Avoid Bad Roads – The Time to Get a “Divorce.”

At the beginning of this marital trip I appreciate the advice of David Sain who said, “The time to get a divorce is before you marry”[i] David envisioned the following scenario: A woman went to a counselor for help with a problem – seeking some advice. Her husband drinks, has a violent temper, cusses her out and hits her. He will not go to church with her. She’s a Christian, but he is not. Her question to the counselor was, “What I want to know is can I get a divorce?”

The counselor asked the woman, “When did your husband start doing these things?” When did he start drinking? “Before we married. He saw no problem with it.” When did he cuss and hit you the first time? “Once when we were dating.” Did he ever go to church with you? “A few times before we were married.” All the things she found so miserable were things he did before they married. The time she should have “divorced” him was before she married him!

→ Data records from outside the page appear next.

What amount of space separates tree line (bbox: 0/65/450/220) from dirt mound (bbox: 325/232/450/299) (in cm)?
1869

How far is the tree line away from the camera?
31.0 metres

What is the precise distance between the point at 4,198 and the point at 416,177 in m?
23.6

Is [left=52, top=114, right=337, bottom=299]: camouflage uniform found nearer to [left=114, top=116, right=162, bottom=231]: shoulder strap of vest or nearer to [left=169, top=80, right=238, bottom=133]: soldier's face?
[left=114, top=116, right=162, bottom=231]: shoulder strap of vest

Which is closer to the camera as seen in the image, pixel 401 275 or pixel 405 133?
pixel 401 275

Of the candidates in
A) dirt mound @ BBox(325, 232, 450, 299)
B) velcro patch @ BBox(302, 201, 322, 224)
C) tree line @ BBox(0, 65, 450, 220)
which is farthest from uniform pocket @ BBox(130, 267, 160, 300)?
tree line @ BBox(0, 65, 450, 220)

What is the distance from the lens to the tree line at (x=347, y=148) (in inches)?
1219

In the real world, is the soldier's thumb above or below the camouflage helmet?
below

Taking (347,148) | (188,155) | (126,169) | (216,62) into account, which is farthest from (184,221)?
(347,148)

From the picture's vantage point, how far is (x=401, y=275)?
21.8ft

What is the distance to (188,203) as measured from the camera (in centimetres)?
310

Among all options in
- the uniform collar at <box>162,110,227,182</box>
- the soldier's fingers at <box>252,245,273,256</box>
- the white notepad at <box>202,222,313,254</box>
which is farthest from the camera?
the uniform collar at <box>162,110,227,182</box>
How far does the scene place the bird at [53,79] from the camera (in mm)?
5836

This lesson will focus on two key thoughts to picking the right kind of mate. First, don’t marry a question mark the first time! (Matt. 19:4-6). Marriage is when a man and woman who are both eligible “leave & cleave.” Who are eligible? Obviously, those who have never before married are eligible to marry. Those who are widowed are eligible to remarry, “but only in the Lord.” And those who are divorced from a sexually unfaithful mate (Matt. 19:9). And second, don’t marry a question mark a second time, as per Paul’s directions in 1 Corinthians 7:39.

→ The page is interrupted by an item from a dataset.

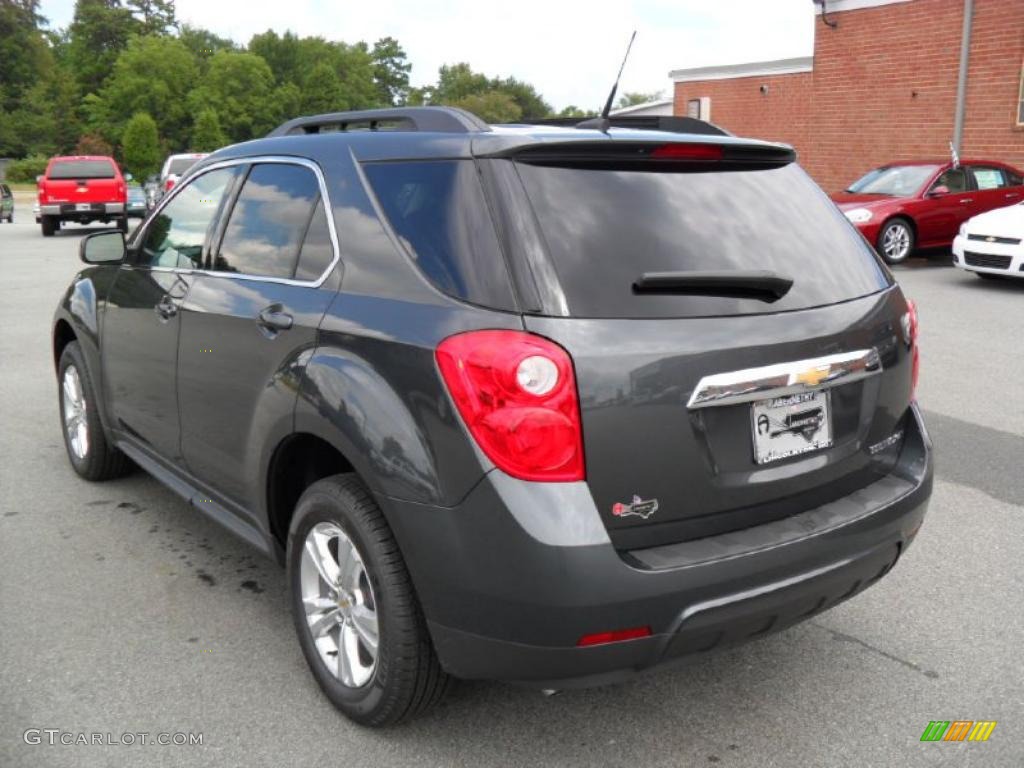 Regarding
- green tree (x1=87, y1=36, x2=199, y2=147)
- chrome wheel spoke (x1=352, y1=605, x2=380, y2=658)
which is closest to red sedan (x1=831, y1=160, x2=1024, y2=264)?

Select a mate with a good and honest heart! Avoid alcohol-fueled rages; don’t date a person who drinks. Avoid being cussed out and yelled at; don’t date a foul-mouthed hot-head. Avoid the violent temper; look for the “red flags” now. Don’t date someone who attends church services only to please you.

Talk with Those Who Started the Trip Ahead of You – Seek Advice from Older Couples.

Solomon said that age should bring wisdom (Prov. 16:31). Bill & Pam Farrel addressed this subject in the book, The Best Advice I Ever Got on Marriage.[ii] They advised younger couples to get with the older couples where they go to church and ask them questions about what works for them in marriage. To men, they said: “Women build trust by connecting.” If you want your wife to trust you, be intrigued by her conversations. Women need to be listened to. To women, they advised: “Men build trust through success.” Men need to feel successful in career, romance, home life and fatherhood. If he does a good job, tell him so. It’s your job to encourage him as leader. It’s God’s job to change him. To both men and women, they wrote: “Conflict is normal even for loving couples.” Learn the art of forgiveness. Good advice!

Make Good Time; Use Cruise Control – Keeping the Promise Even When/if the Flame Has Died Down.[iii]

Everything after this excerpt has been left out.